See above weaknesses.

审稿意见
6

This paper proposes a causality learning approach to the problem of multi-modality object detection where inputs are of different modalities. The presented experimental results show that the proposed method effectively alleviates the uni-modal bias problem identified in multi-modality learning tasks. The paper also contributed a new dataset ROTX-MPed, including counter-examples not available in previous datasets.

优点

  1. Overall it is a well-written and easy-to-follow paper
  2. The proposed new dataset could be a useful contribution to the research community
  3. Experimental results have, I believe, cogently illustrated the value of the proposed method and dataset.

缺点

  1. A major concern is that ablation experiments, and hence more insightful discussions on authors’ design choices, are missing - can the authors justify why they do not include ablation studies? The experiment results have some vague interpretations.

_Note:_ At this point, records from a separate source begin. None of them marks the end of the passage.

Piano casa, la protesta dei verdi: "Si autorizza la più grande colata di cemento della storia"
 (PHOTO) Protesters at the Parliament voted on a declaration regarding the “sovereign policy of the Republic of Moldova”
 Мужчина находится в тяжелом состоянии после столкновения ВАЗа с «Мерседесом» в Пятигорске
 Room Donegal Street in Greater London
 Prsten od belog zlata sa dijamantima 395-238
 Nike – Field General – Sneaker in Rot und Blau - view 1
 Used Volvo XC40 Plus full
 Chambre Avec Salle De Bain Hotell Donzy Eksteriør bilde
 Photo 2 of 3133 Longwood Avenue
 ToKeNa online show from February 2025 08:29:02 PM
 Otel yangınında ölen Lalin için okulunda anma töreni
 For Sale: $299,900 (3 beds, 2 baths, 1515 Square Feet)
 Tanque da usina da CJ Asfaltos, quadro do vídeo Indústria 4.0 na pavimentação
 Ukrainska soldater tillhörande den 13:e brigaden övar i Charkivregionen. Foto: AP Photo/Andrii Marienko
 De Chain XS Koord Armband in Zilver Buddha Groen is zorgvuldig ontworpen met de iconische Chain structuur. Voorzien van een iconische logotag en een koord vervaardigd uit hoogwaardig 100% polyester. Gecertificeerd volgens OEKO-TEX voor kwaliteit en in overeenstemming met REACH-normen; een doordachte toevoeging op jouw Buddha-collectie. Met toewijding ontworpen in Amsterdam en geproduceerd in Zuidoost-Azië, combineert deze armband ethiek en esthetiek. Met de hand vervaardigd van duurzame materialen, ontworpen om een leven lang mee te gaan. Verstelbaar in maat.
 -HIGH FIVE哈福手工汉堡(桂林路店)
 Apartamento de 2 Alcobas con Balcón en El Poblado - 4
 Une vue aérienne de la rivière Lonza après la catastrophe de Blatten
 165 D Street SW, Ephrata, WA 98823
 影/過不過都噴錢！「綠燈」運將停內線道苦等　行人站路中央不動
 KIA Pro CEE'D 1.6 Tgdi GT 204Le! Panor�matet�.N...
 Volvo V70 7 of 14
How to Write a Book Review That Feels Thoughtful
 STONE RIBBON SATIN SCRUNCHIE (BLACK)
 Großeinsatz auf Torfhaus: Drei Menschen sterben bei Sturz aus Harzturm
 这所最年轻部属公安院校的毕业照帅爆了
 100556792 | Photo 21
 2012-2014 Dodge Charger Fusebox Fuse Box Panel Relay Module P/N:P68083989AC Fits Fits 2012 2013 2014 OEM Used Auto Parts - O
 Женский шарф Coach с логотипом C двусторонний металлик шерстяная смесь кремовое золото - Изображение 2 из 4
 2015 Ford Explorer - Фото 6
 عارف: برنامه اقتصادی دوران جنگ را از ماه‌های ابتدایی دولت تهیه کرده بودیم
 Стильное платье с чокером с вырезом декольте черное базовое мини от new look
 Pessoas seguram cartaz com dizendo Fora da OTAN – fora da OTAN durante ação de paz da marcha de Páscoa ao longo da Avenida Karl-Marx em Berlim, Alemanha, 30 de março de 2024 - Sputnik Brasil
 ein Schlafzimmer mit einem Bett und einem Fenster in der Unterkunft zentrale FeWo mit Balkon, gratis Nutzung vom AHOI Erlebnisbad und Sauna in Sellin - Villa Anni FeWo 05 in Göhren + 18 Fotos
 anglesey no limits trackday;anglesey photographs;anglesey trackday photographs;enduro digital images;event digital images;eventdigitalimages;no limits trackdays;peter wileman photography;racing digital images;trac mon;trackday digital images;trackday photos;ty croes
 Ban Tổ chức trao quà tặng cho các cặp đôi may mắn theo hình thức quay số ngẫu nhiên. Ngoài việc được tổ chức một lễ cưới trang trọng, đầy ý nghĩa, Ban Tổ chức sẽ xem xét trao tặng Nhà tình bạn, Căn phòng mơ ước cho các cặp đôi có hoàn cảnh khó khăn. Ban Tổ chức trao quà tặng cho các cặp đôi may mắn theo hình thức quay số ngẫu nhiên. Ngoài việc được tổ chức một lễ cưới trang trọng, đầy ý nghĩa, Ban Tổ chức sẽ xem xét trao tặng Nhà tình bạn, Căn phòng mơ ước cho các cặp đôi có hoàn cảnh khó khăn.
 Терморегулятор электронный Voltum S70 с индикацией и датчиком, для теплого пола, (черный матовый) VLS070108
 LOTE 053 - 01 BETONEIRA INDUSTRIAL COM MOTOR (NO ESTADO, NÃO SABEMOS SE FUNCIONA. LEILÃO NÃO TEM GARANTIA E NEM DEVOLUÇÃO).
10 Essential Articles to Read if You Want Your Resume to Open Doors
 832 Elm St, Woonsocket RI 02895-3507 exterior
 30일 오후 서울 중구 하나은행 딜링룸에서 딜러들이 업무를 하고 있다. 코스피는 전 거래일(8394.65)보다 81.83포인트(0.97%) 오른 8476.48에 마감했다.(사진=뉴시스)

For instance, there are no instructions explaining why Table 2 only displays MR results on KAIST and CVC-14, but not FLIR.
  2. Considerations and experiments regarding the time complexity/overhead might be a worthy add to the proposed method.
  3. The claims of the proposed dataset require more explanations or experiments to support them. According to the main results, the uni-modal sensory bias problem is solved, especially under nighttime conditions, and the RGBT fusion detection should perform better than uni-modal detection. The results trained on KAIST are satisfactory, and those trained on CVC-14 are also competitive. However, the results trained on FLIR are contrary.
  4. Under equation (11), “L” - typo?

问题

  1. It would be helpful to my judgement of its novelty if the authors can justify that their proposed method does not merely involve a direct adoption of causal learning methods but is instead with some insights into the task at hand.
  2. Authors are encouraged to explain why ablation studies are not presented.